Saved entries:
# # # # #

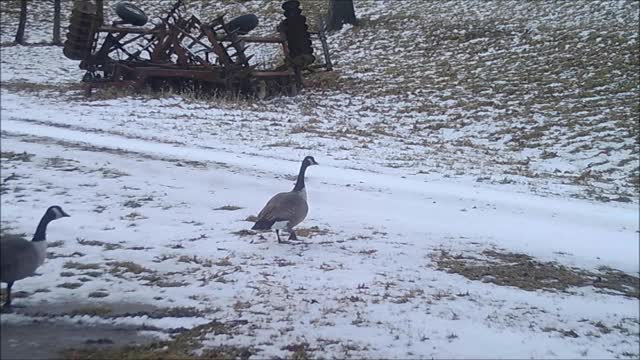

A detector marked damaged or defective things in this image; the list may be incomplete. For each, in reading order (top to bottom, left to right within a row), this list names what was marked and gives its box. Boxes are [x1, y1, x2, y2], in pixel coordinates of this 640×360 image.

rusty farm equipment [62, 0, 332, 97]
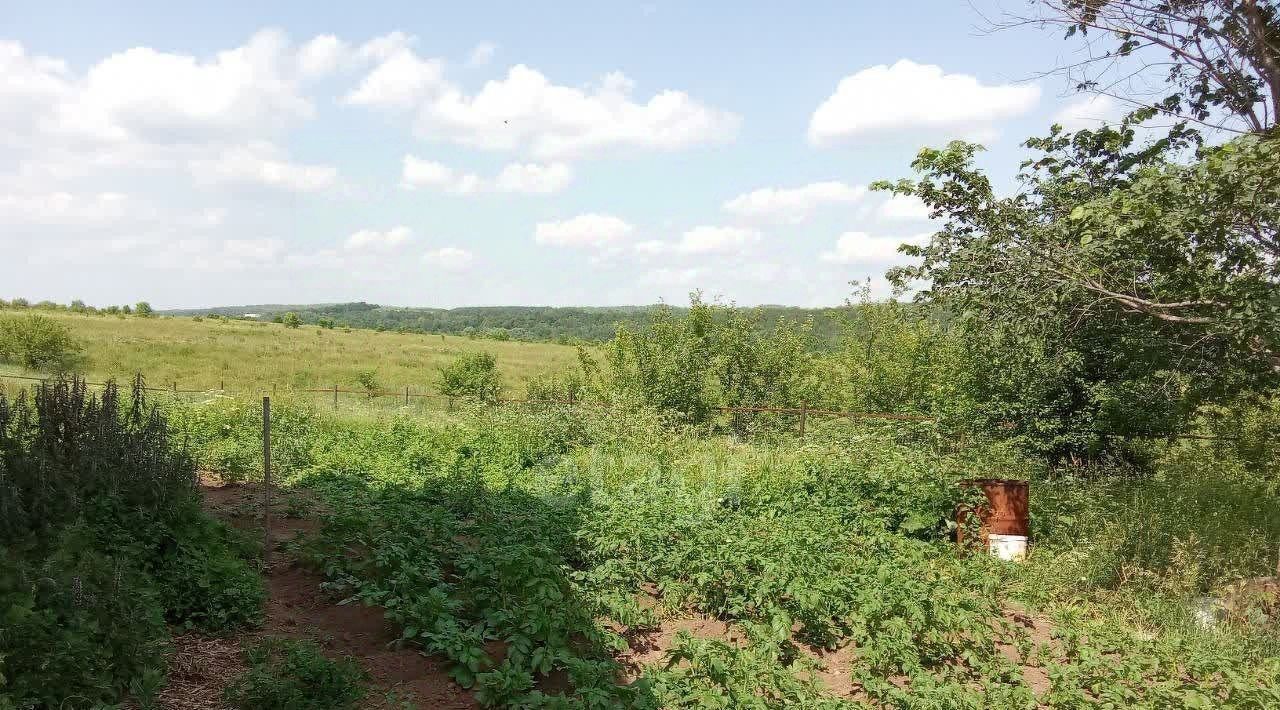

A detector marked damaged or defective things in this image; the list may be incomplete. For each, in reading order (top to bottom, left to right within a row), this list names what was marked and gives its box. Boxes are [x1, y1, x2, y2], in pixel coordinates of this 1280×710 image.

rusty metal barrel [962, 481, 1029, 562]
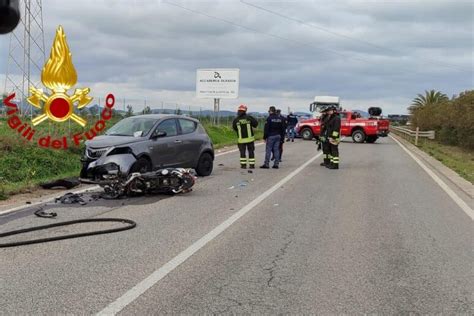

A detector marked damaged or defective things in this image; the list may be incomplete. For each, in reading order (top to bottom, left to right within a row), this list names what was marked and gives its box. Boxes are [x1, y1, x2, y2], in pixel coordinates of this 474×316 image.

damaged silver car [80, 115, 215, 181]
car's crumpled front bumper [80, 154, 137, 183]
wrecked motorcycle [80, 164, 195, 199]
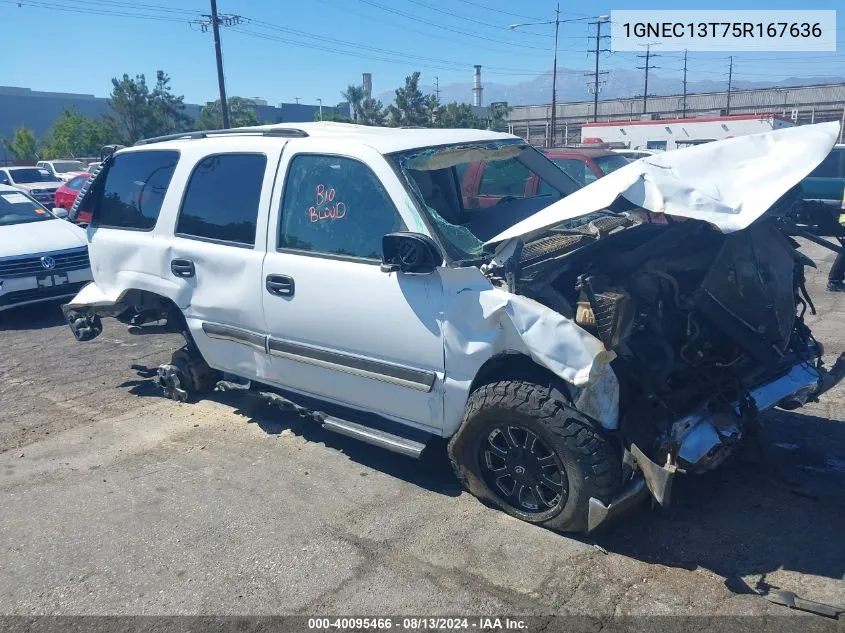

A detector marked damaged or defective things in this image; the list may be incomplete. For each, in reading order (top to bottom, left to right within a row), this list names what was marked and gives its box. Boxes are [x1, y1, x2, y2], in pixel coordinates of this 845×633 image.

crumpled hood [0, 217, 86, 256]
shattered windshield [390, 141, 580, 262]
crumpled hood [484, 119, 840, 246]
torn sheet metal panel [484, 119, 840, 246]
wrecked white suv [61, 121, 844, 532]
torn sheet metal panel [438, 266, 616, 434]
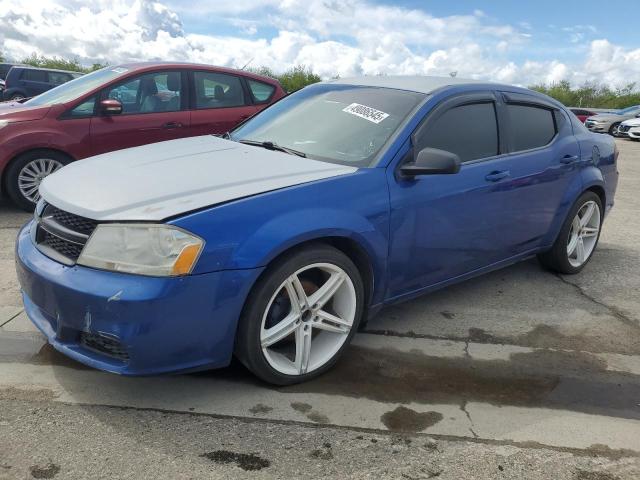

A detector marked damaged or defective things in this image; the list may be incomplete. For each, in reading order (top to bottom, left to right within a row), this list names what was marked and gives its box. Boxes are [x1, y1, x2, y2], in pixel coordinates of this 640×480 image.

damaged hood [38, 135, 360, 221]
cracked asphalt [1, 138, 640, 476]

# # # # #

**Problem:**
The answer should consist only of the lines from the line with "this 845×633 image." through the last line of the data, repeated exactly; pictures stay out.

**Response below:**
A detector marked damaged or defective things in this image; the list may be incomplete. For each, in reading order (top to bottom, left to right within a row), this list names what was marked and gives its box. Boxes are [x1, y1, x2, y2], in pixel coordinates of this 845×633 image.

crumpled hood [0, 217, 86, 256]
shattered windshield [390, 141, 580, 262]
crumpled hood [484, 119, 840, 246]
torn sheet metal panel [484, 119, 840, 246]
wrecked white suv [61, 121, 844, 532]
torn sheet metal panel [438, 266, 616, 434]

A detector marked damaged or defective things in this image; the list may be incomplete. For each, in reading order (top to bottom, left to right within a row), this list names what was marked and gives its box. Boxes are [x1, y1, x2, y2], in pixel coordinates of this 640×480 image.

damaged hood [38, 135, 360, 221]
cracked asphalt [1, 138, 640, 476]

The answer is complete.